The Biblical story is a bit more complex. Today in Luke Chapter 2, we read, “an angel of the Lord stood before the shepherds, and the glory of the Lord shone around them.”
What does “The Glory of the Lord” mean? It is the blazing light that exudes from God’s presence and power. In the Book of Exodus, when the Lord calls Moses up the mountain to receive the ten commandments, the text describes the glory of the Lord appearing to Moses like a DEVOURING FIRE on the top of the mountain in the sight of the people of Israel.
Imagine, like the shepherds, you’re going about your business sometime after dark, coming home from a late shift or walking the dog, or you’re relaxing outside on a summer night, and suddenly an angel of the Lord, is before you, a devouring fire BLAZING all around you.
How does you react?
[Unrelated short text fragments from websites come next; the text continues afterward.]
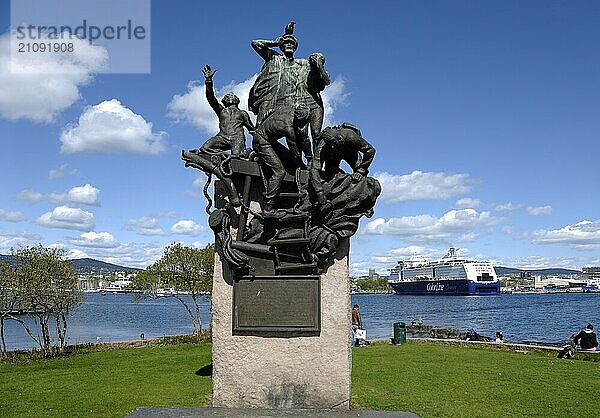 Monument on Bygdöy  Oslo  Norway  Europe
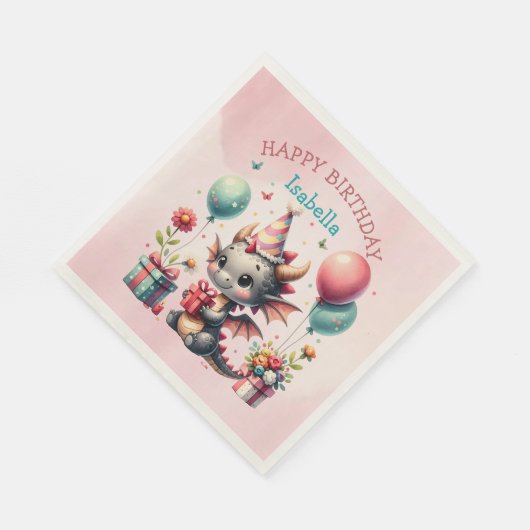 Serviette En Papier Fête d'anniversaire à thème du dragon de fille (Coin)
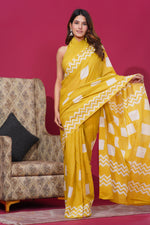 Load image into Gallery viewer, Mulmul Cotton Saree with Hand Wax Batik Print - Shivanya Handicrafts Women's Traditional Indian Wear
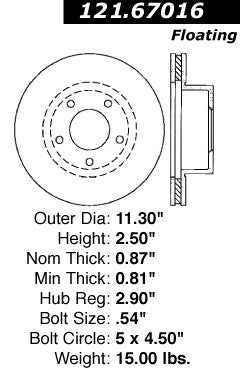 Centric Parts Disc Brake Rotor Standard with Non-Directional Finishes for 1987-1990 Dodge Dakota 121.67016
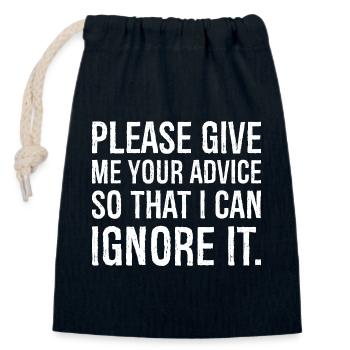 please give me your advice so that I can Ignore - Closable cotton gift bag (14x20cm) - navy - Front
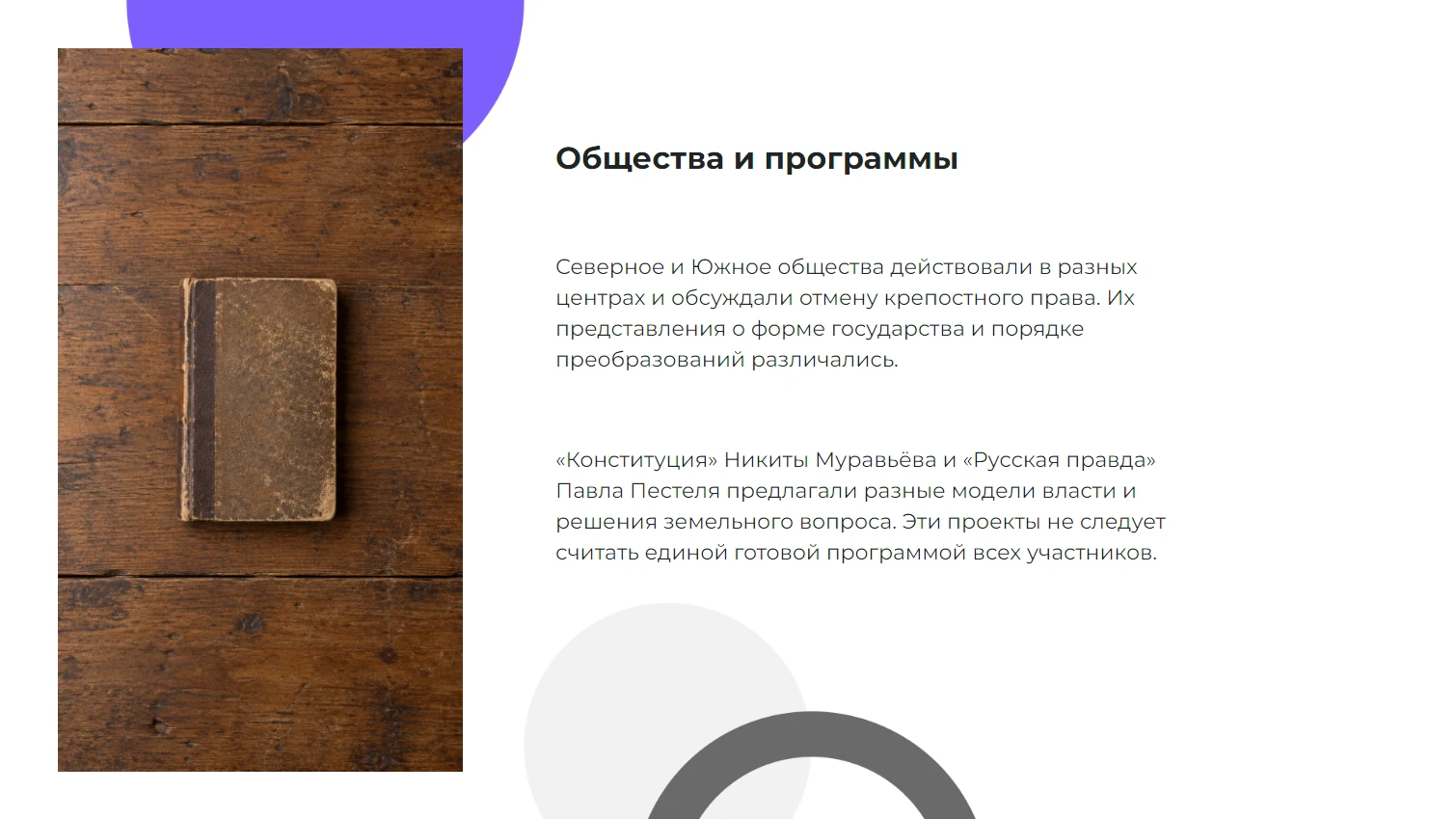 Общества и программы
Scripture tells us how the shepherds reacted. Verse 9: “They were terrified.”
But the angel reassures them,
“Do not be afraid; for see—I am bringing you good news of great joy for all the people”
Then the angel instructs the shepherds how to find THIS CHILD, their savior. It is a startling proclamation that disrupts a peaceful night of tending sheep. Stunned and afraid, these poor men somehow manage to overcome their shock, drop everything and go in search of the child.
The shepherds find the baby in the manger––it’s that scene portrayed on so many Christmas cards, an iridescent star beaming a ray of silver light down over a humble stable, and from within the stable a warm glow casts everyone in a soft-focus dreamscape.
I have my doubts about the warm glow. I grew up among stables, and I knew since before I could speak that fire and hay don’t mix. It’s not likely fire or candles were nearby. So I imagine that as the shepherds approached, the holy family was not really bathed in warm light. It was likely dark, and likely cold.
With a twinge of anxiety, Mary and Joseph would have heard the slow approach of strangers in the darkness, footsteps in the gravel. They might have smelled the shepherds before they saw them; smells of earth and sweat, and of the sheep they tended.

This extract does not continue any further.